As a committee person, Robinson regularly met with members of management to discuss bargaining issues. The events in issue center around three “confrontations” between Robinson and management.4
On April 11, 2017, Robinson had a heated argument with management related to cross-training of employees. Robinson, acting as a committee person, said he “did not give a f*** about your cross-training” and the manager could “shove it up [his] f****** a**.” He was suspended for three days.
About two weeks later, Robinson, again in his union position, attended a meeting regarding subcontracting with two other union officials and a dozen managers. When one of the managers was speaking, Robinson was very loud and started pointing his finger. He was told to lower his voice. He did and mockingly made a comment of: “Yes, Master, Your Master Anthony.” He also stated that the manager wanted him “to be a good Black man.”5 For this he was suspended for two weeks.
The last incident occurred six months later and involved a meeting with another union committee man and four managers. Robinson kept repeating the same questions and then said he would “mess {the manager} up.” He then played loud, profane music on his cell phone for 10 to 30 minutes, disrupting the meeting. For his actions, Robinson was suspended for 30 days.
On the basis of these facts, a complaint issued alleging employer violations of Sections 8(1) and (3) of the NLRA by the company issuing three disciplinary actions against Robinson as he engaged in protected activity on behalf of the union. A hearing was held before an administrative law judge who issued a decision finding that the employer violated the NLRA when it suspended Robinson for the April 11th incident, but not the two other suspensions. The judge applied the Atlantic Steel Co. standard in arriving at her conclusion.6 Both parties filed exceptions to the decision. The NLRB issued its decision on July 21, 2020.
Under the NLRA, an employee who engages in Section 7 activity has the protections of the act. The issue to be resolved in General Motors is, when does an employee who is engaged in protected activity lose that protection because of their disruptive conduct or profane language?
The board reviewed the three types of situations when abusive conduct and or profanity of the employee loses the protections of the NLRA. It looked at the standards used in workplace cases, social media matters and picket line misconduct.
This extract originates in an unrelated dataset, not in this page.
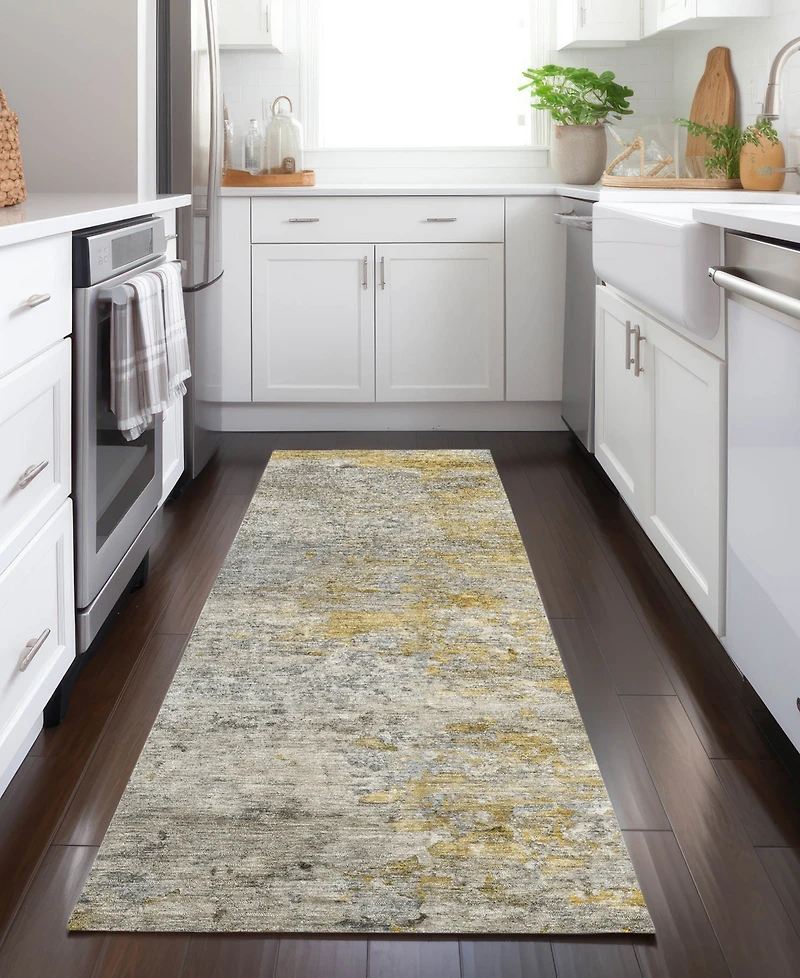 Addison Chantille Machine Washable ACN1297 2'3"x7'6" Runner Area Rug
The first and most significant are situations involving workplace discussions with management. The four-part standard was set forth in Atlantic Steel Co.7 There, the board considered four factors: (1) the place of the discussion; (2) the subject matter of the discussion; (3) the nature of the employee’s outburst; and (4) whether the employee’s actions were provoked by the employer’s unfair labor practice.8 As applied in practice this standard did not assign any specific weight to the four factors and often resulted in inconsistent conclusions.9
With respect to conduct involving social media cases, the board has applied a “totality of circumstances” standard. The board has analyzed whether social media posts are unprotected by the act on the basis of disparagement or disloyalty to the employer.10
The final type of cases involved picket line misconduct. Clear Pine Mouldings11 held that, where employee picket line “misconduct is such that, under the circumstances existing, it may reasonably tend to coerce or intimidate employees in the exercise of rights protected under the act.” Cases applying the standard have found that picket line conduct is unlawful only where it involves an overt or implied threat or where there is a reasonable likelihood of an imminent physical confrontation.
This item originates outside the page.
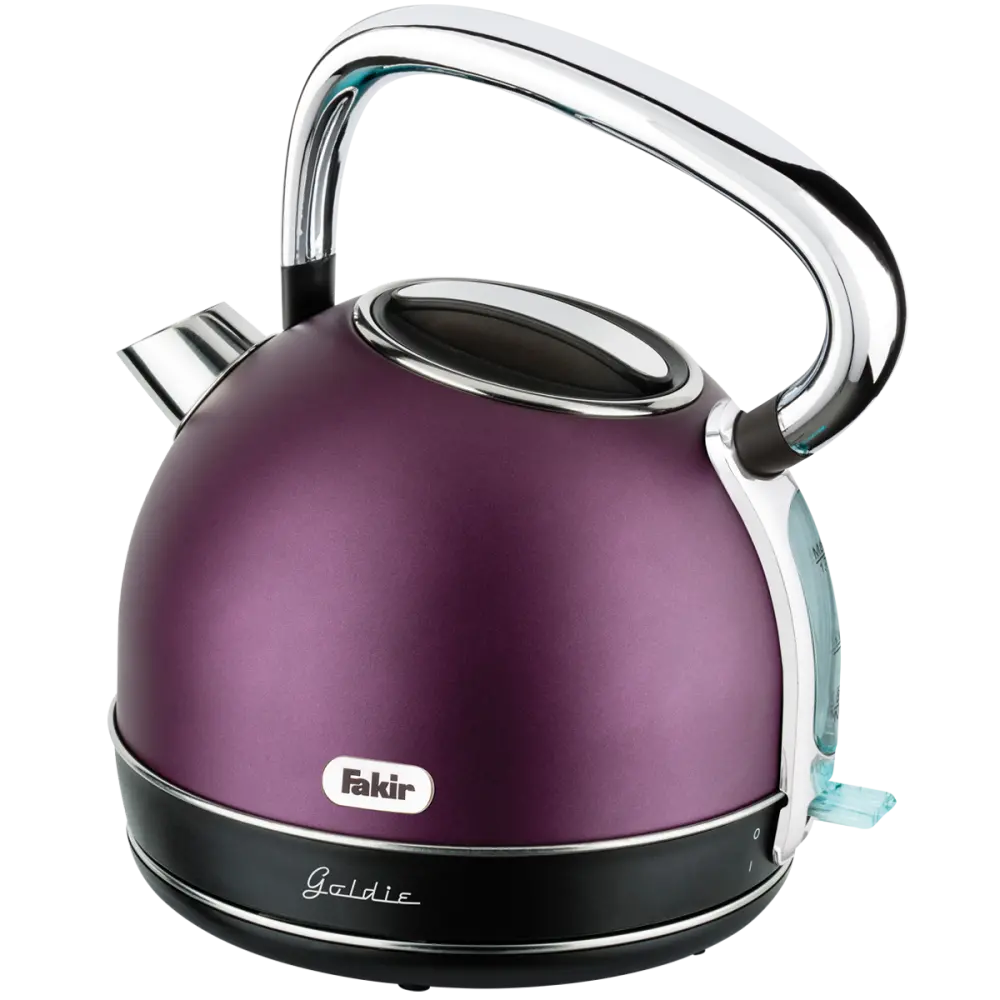 Goldie Kettle Violet - 1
The board indicated that, not only have these past standards resulted in inconsistent conclusions, but they also make it difficult for an employer to meet his EEO obligation to prevent hostile work environments on the basis of hostile traits. Employees subjected to work, picket line or social media racist or sexist comments or conduct may be impacted by the conduct.
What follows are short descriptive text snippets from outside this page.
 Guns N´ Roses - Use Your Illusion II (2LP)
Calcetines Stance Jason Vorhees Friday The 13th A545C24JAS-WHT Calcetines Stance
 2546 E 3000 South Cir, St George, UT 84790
Considering the inconsistency of the standards, the board decided to apply a different rule for deciding cases where employees engage in abusive conduct or language in connection with Section 7 activity and the employer asserts it issued discipline because of the abusive conduct. It turned to a well-established standard, i.e. Wright Line.12 The new rule applies where the matter is founded in the workplace, social media or the picket line.13
Under the familiar Wright Line standard as applied by the board in abusive conduct cases, a shifting burden of evidence is again applied. The NLRB general counsel has the initial burden of showing that (1) the employee in issue had engaged in Section 7 activity; (2) the employer had knowledge of that activity; and (3) the employer had animus of such activity which must be proven with evidence sufficient to establish a causal relationship between the discipline and the Section 7 activity. General counsel is not required as part of his initial burden to disprove the existence of other lawful motivating factors for the discipline.14
Once the general counsel makes his initial case, the employer will be found to have violated the act unless it meets its burden to show it would have taken the same action even in the absence of the Section 7 activity.15 If the evidence as a whole establishes that the reasons given by the employer’s actions are pretextual, the employer has failed to meet its burden.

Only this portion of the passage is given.